All that should come back is the lines of the data below from the one containing "PNGKNYOCN Winkel-Adapter 3,5mm" to the one containing "Perrin 15mm Wheel Spacers DRS Style Black", inclusive, exactly as they stand.

Raw data ::
- - - - -
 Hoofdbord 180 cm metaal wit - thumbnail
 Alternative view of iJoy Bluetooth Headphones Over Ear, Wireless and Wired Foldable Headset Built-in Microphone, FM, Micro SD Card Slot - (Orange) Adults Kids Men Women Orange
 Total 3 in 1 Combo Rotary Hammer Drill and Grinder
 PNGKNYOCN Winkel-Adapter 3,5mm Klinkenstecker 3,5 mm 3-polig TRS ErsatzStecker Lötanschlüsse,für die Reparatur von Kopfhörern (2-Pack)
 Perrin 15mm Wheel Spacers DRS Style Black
- - - - -
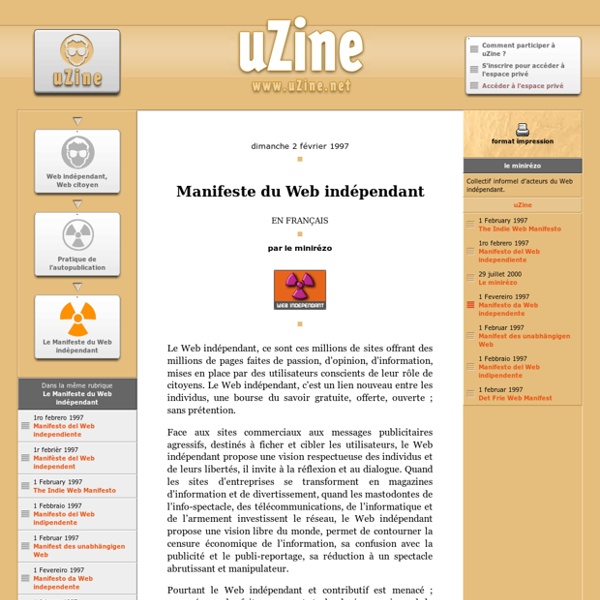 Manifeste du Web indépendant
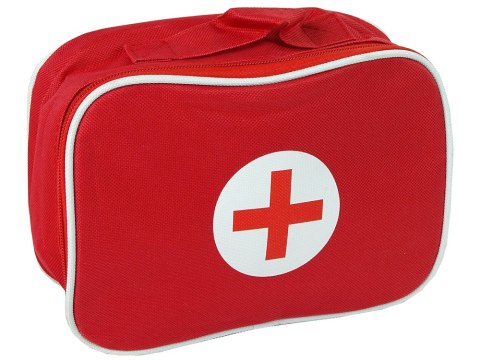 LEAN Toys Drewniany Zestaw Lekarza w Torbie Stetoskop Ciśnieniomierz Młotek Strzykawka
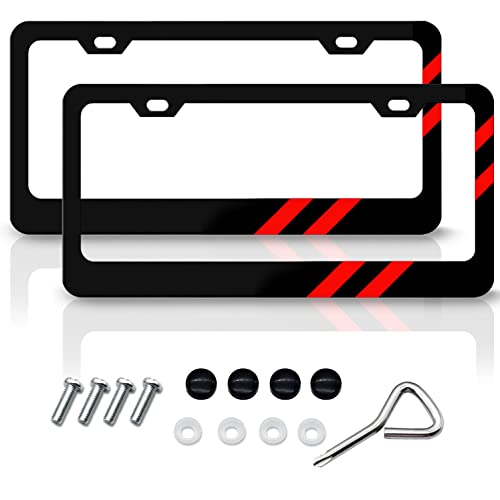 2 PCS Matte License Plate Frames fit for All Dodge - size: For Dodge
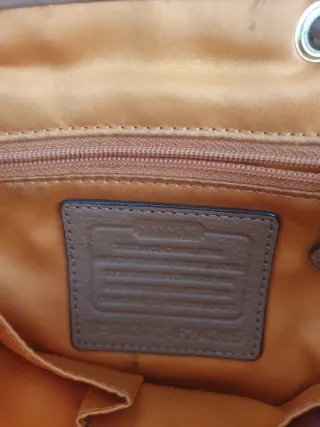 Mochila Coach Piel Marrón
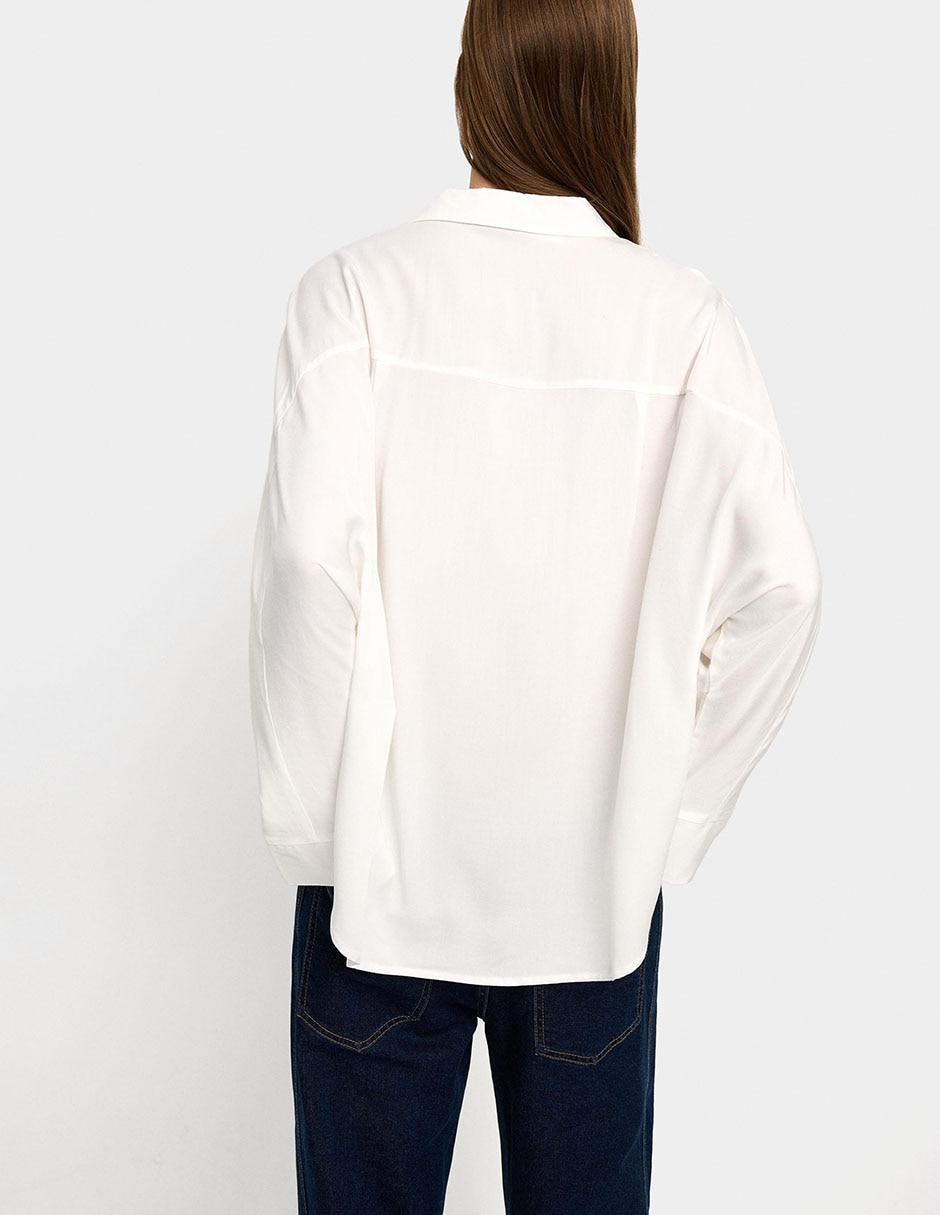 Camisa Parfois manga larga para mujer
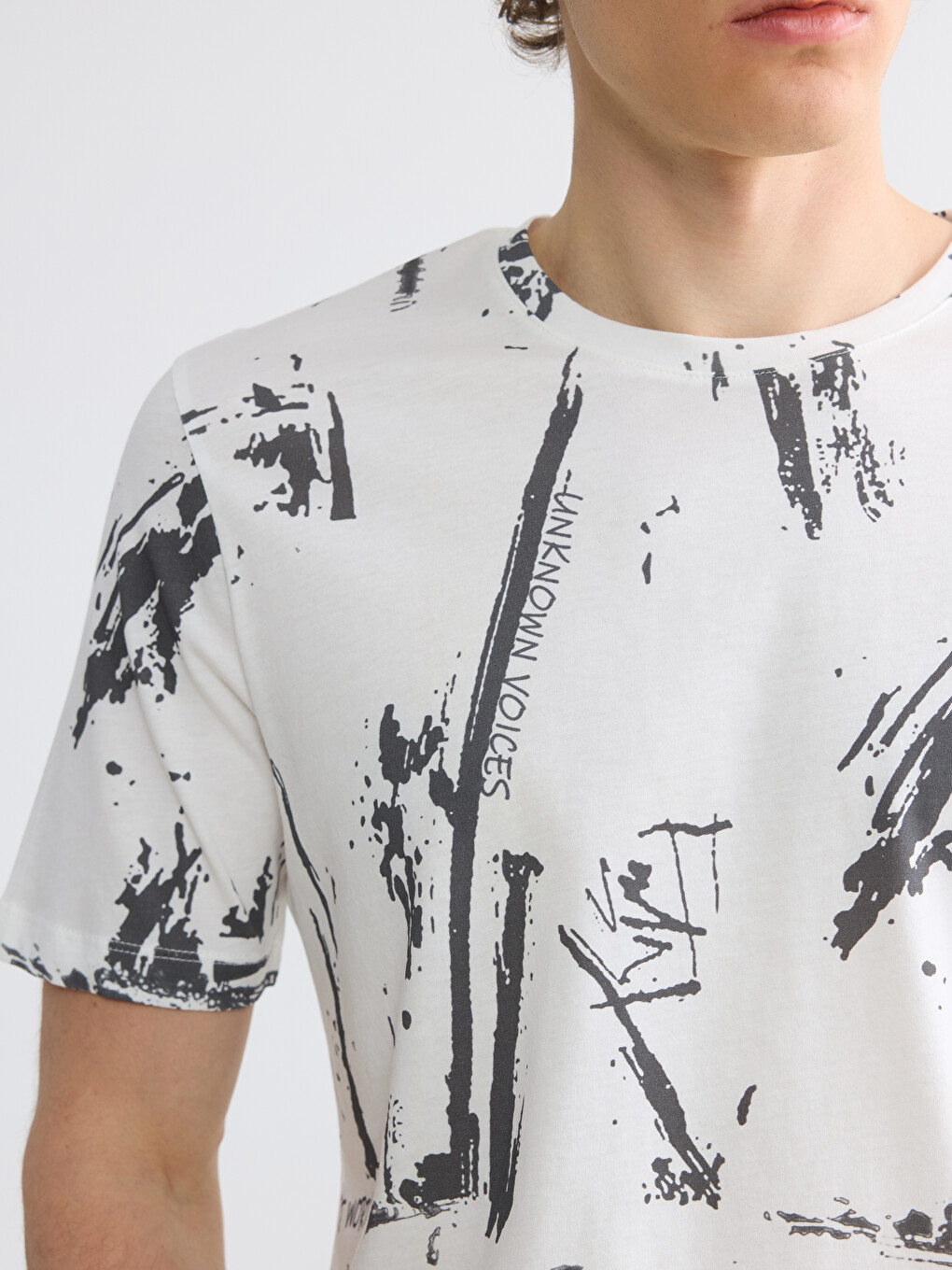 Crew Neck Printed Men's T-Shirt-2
- - - - -
Completed exercise ::
 PNGKNYOCN Winkel-Adapter 3,5mm Klinkenstecker 3,5 mm 3-polig TRS ErsatzStecker Lötanschlüsse,für die Reparatur von Kopfhörern (2-Pack)
 Perrin 15mm Wheel Spacers DRS Style Black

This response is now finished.